Task directions: Write out the listing, please, but only from its first line through the line containing "Used 2022 Volkswagen Atlas SE FWD image 34", exactly as given and without pictures.

Data extract:
○ ○ ○ ○ ○ ○ ○
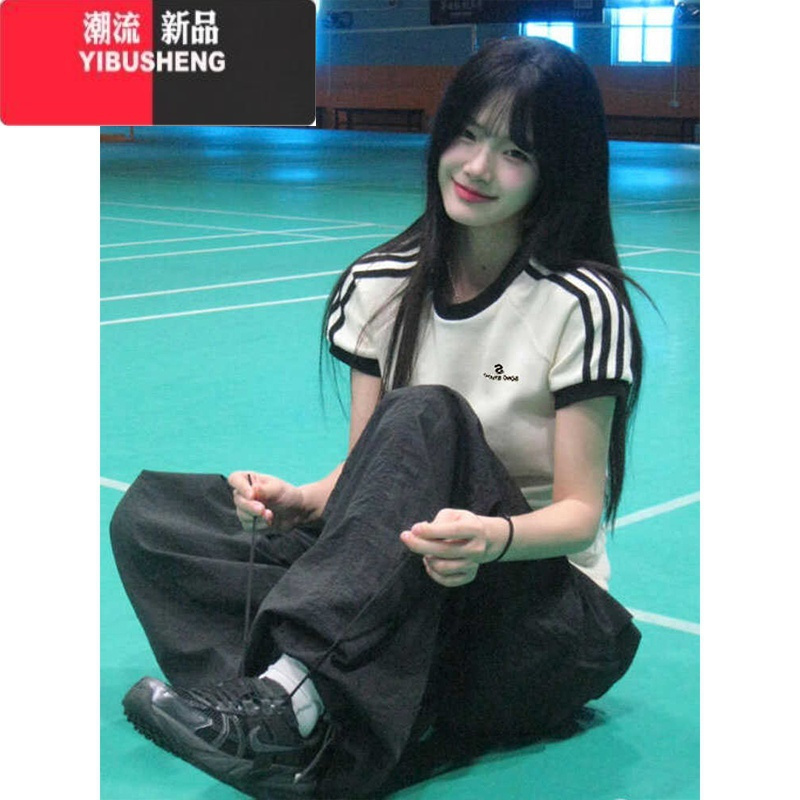 YIBUSHENG设计感小众三条杠刺绣短袖T恤女辣妹短款修身显瘦体恤上衣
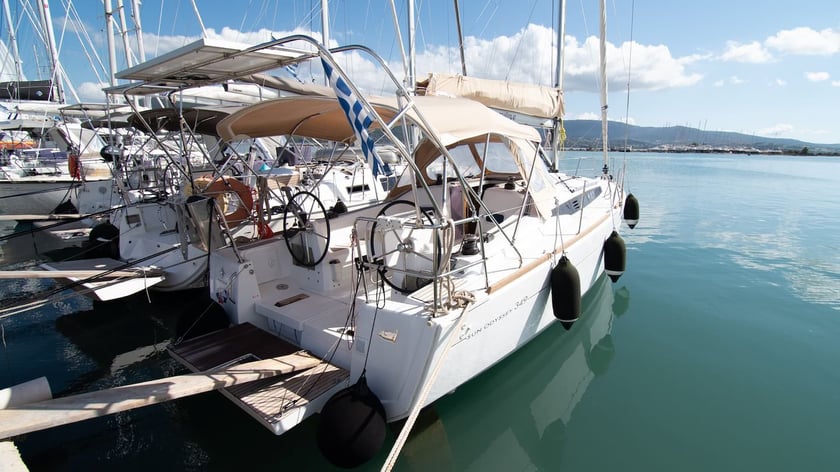 Nea Peramos - Attica Sailboat 3 cabin 6 berths 6 guests 10.34 m Listing Number: #492 5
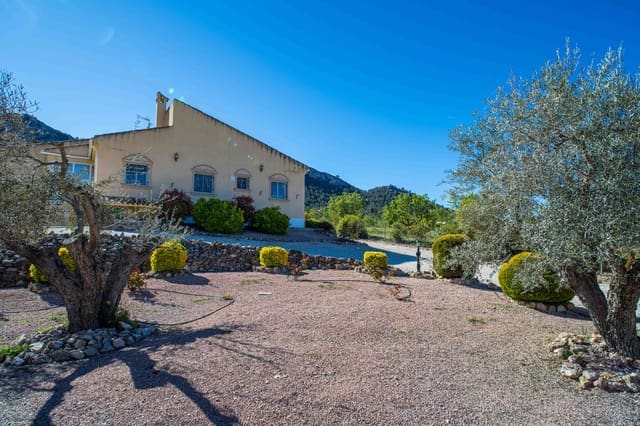 3 slaapkamer Villa te koop in La Zarza, Pinoso - € 395.000 (Ref: 9778557)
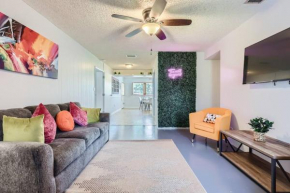 Spacious Tampa Haven - Games - Pool - 7-15 min From ALL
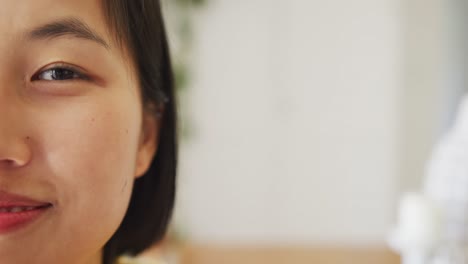 Porträt-Einer-Glücklichen-Asiatischen-Frau,-Die-Im-Wohnzimmer-In-Die-Kamera-Blickt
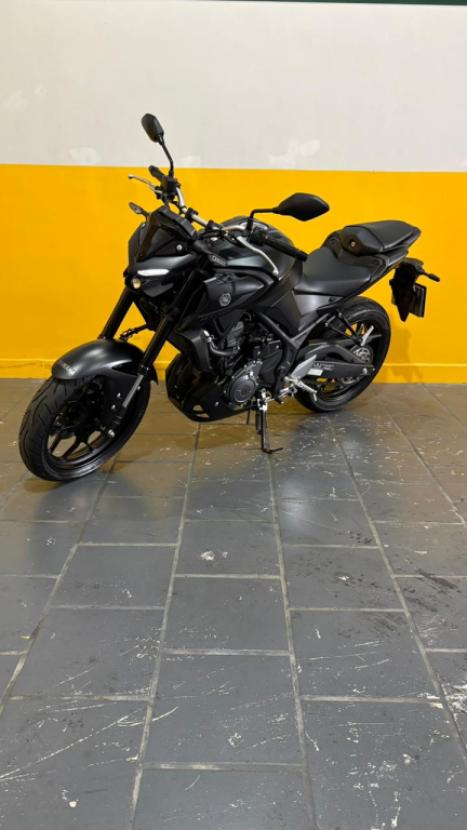 YAMAHA MT-03 300 ABS, Foto 9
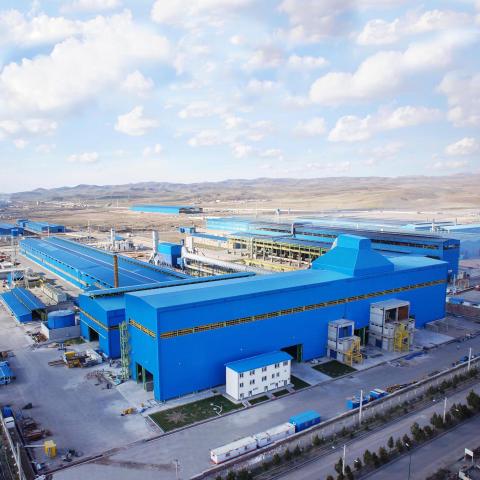 Industrial Engine Stalls as Iran's Factories Face Mounting Pressures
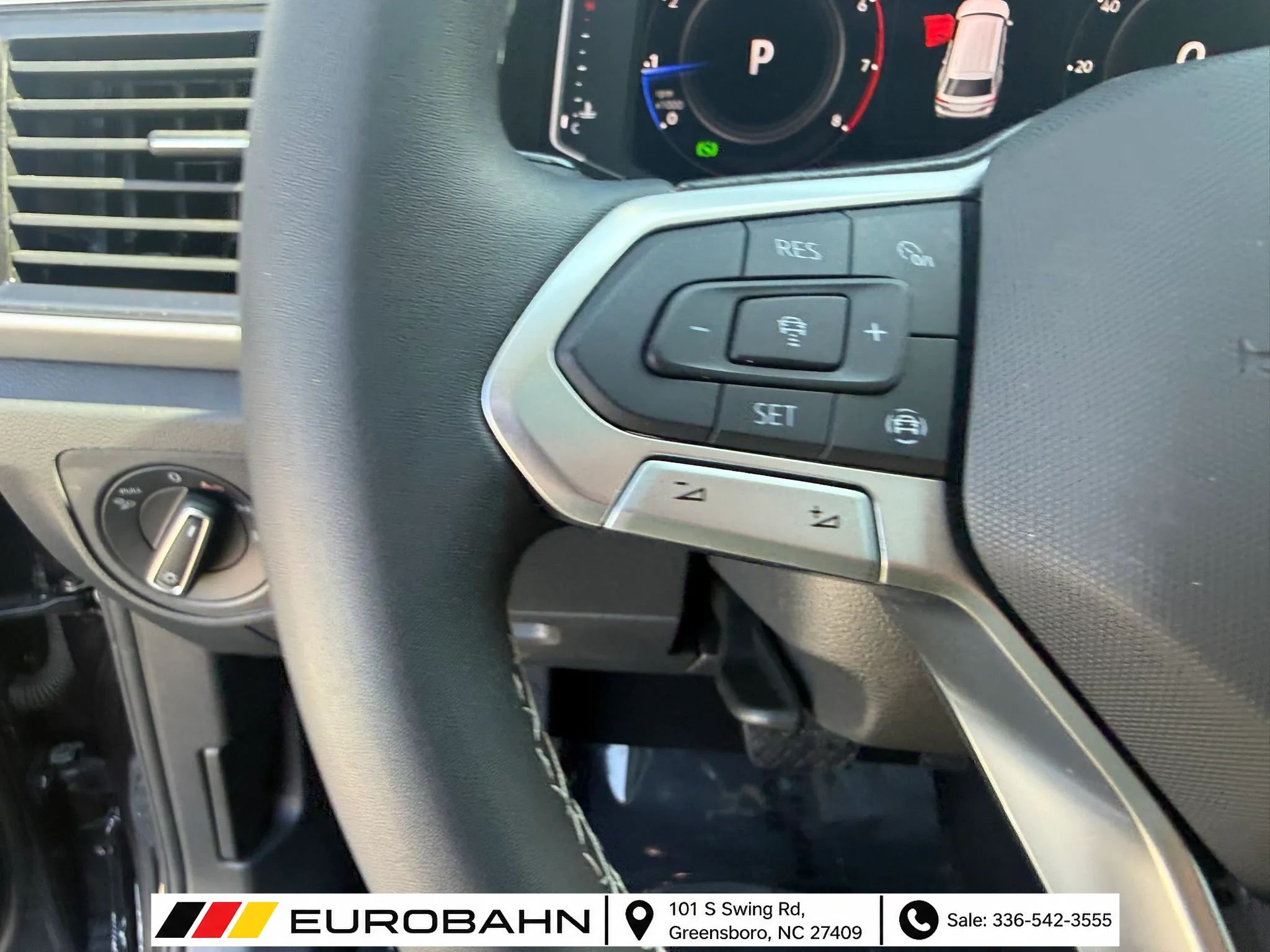 Used 2022 Volkswagen Atlas SE FWD image 34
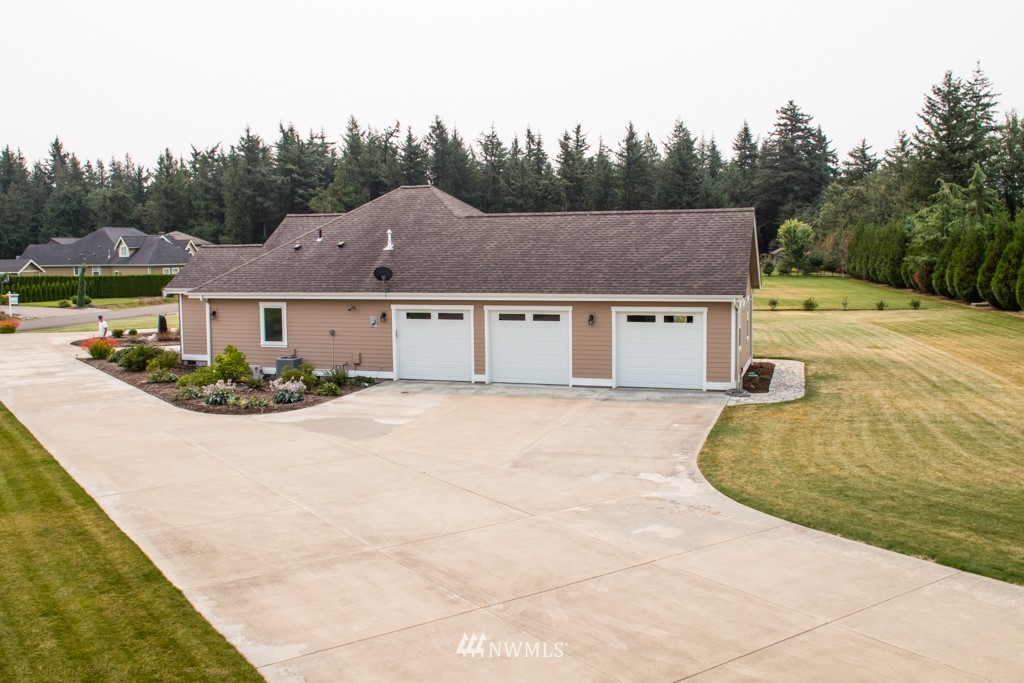 6833 Baker Ridge Drive Lynden, WA 98264 - Photo 23 of 25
○ ○ ○ ○ ○ ○ ○
Answer space:
 YIBUSHENG设计感小众三条杠刺绣短袖T恤女辣妹短款修身显瘦体恤上衣
 Nea Peramos - Attica Sailboat 3 cabin 6 berths 6 guests 10.34 m Listing Number: #492 5
 3 slaapkamer Villa te koop in La Zarza, Pinoso - € 395.000 (Ref: 9778557)
 Spacious Tampa Haven - Games - Pool - 7-15 min From ALL
 Porträt-Einer-Glücklichen-Asiatischen-Frau,-Die-Im-Wohnzimmer-In-Die-Kamera-Blickt
 YAMAHA MT-03 300 ABS, Foto 9
 Industrial Engine Stalls as Iran's Factories Face Mounting Pressures
 Used 2022 Volkswagen Atlas SE FWD image 34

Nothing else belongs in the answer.